Drone Formation Control via Multi-Agent Deep Reinforcement Learning and Curriculum Strategy

The coordination of multiple Unmanned Aerial Vehicles (UAVs) into a cohesive drone formation represents a significant frontier in autonomous systems, promising transformative impacts across diverse sectors. In disaster response, a drone formation can provide rapid aerial assessment, map extensive damage, and deliver critical supplies. For military operations, a coordinated drone formation enhances surveillance coverage, enables complex collaborative maneuvers, and improves overall mission resilience. The core challenge lies in developing control strategies that enable a group of UAVs to autonomously achieve and maintain a desired spatial configuration from arbitrary initial positions, while avoiding collisions and adapting to dynamic conditions.

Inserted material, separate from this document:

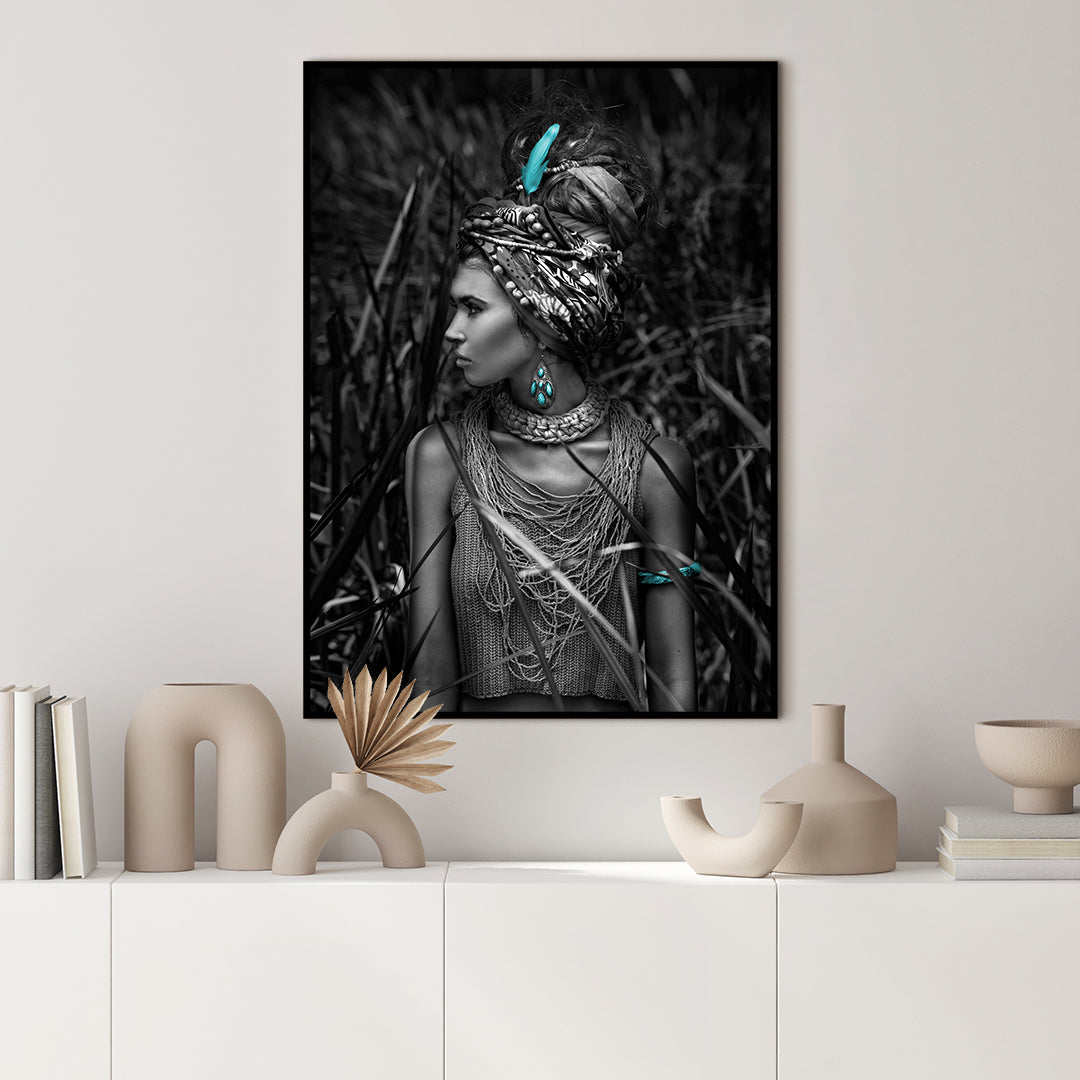 In the Bush blue | INDRAMMET BILLEDE Indrammet billede MF 30x40 Sort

Traditional methods for drone formation control, such as leader-follower, virtual structure, or behavior-based approaches, often rely heavily on accurate system models and environmental priors. Their performance can degrade under uncertainty or when the formation task is complex. Deep Reinforcement Learning (DRL) offers a paradigm shift. By learning optimal control policies directly through interaction with an environment, DRL agents can develop sophisticated, adaptive behaviors without explicit programming of low-level rules. This makes DRL exceptionally suitable for the nonlinear and high-dimensional problems inherent in multi-robot systems like drone formation.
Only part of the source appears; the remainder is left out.